L'historien François Furet en parle comme « l’un des documents les plus forts et les plus mystérieux sur la France et son histoire »20 car il est difficile d'expliquer ces disparités. Pourtant, les travaux statistiques et cartographiques de l'historien Timothy Tackett dans La Révolution, l’Église, la France en 1986 démontrent que cette carte reproduit le clivage entre clergé réfractaire et clergé jureur opéré en juillet 1790 lors de la promulgation de la Constitution civile du clergé21. Les régions dont le clergé a majoritairement refusé cette Constitution ne sont pas directement opposées à la Révolution mais refusent l'extension et l'homogénéisation du pouvoir central, qualifiées plus tard de jacobinisme et au xixe siècle, l'Église s'est surtout voulue l'héritière des prêtres réfractaires de ces trois pôles majeurs que sont le Grand Ouest, l'Est lorrain, alsacien ou jurassien, et le rebord sud-est du Massif central, auxquels s’ajoutent des pôles secondaires dans le Nord, une partie de la Savoie et le Pays basque22. Ce sont des « régions périphériques qui jouissaient de certaines prérogatives (l'Alsace, la Lorraine et la Franche-Comté avaient appartenu au Saint-Empire romain germanique ; l'Artois et la Flandre bénéficiaient de libertés urbaines ; des parlements locaux existaient en Bretagne et dans le Languedoc)23 ». La distribution périphérique de ces régions montre qu'elles sont devenues les « paroisses chrétiennes » de la carte de Boulard21.

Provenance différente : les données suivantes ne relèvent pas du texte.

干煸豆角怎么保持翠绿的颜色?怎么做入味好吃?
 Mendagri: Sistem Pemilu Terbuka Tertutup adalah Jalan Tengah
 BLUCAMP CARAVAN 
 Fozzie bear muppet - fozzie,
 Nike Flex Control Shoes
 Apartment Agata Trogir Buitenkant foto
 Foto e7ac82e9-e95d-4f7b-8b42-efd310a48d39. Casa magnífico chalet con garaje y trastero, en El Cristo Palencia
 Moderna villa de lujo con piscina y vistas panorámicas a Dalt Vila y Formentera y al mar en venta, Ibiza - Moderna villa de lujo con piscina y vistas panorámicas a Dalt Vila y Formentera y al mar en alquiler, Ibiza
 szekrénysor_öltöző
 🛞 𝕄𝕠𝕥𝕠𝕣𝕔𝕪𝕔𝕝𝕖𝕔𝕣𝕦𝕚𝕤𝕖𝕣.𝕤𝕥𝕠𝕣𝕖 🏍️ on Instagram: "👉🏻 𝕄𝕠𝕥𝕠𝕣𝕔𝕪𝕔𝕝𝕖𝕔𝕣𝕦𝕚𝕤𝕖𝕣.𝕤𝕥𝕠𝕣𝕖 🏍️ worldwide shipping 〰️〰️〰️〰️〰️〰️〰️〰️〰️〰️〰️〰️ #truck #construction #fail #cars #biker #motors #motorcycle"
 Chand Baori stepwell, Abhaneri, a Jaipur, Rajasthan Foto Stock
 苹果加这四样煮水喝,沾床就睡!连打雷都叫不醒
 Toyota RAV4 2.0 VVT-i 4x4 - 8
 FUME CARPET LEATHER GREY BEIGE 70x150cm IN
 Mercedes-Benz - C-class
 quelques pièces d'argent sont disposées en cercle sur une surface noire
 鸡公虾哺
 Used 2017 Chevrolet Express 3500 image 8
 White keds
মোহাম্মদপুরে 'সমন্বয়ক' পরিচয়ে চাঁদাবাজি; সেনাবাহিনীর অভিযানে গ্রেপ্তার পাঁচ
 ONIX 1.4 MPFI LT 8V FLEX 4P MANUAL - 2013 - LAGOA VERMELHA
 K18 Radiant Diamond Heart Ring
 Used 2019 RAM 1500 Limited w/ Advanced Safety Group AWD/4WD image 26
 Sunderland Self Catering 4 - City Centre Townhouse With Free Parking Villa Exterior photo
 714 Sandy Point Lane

La carte de Tackett du partage clergé réfractaire/clergé jureur en 1790-1791 a engendré la carte de Boulard sur la pratique religieuse en 1947, les deux se révélant assez structurantes de l'histoire de France. Ainsi, l'intensité de la pratique catholique et l'intensité du vote de droite a un fondement géographique24,25. Ce clivage entraîne « une géographie spirituelle et idéologique de la France qui se traduira tout au long du xixe siècle par la polarisation des factions cléricales et anti-cléricales et se prolongera dans la géographie électorale du xxe siècle jusque dans les 197026 ». Ces cartes montrent également « la forte ressemblance entre, d'une part, les variations départementales du niveau de la fécondité et du modèle de nuptialité et, d'autre part, la géographie de la sécularisation27 ».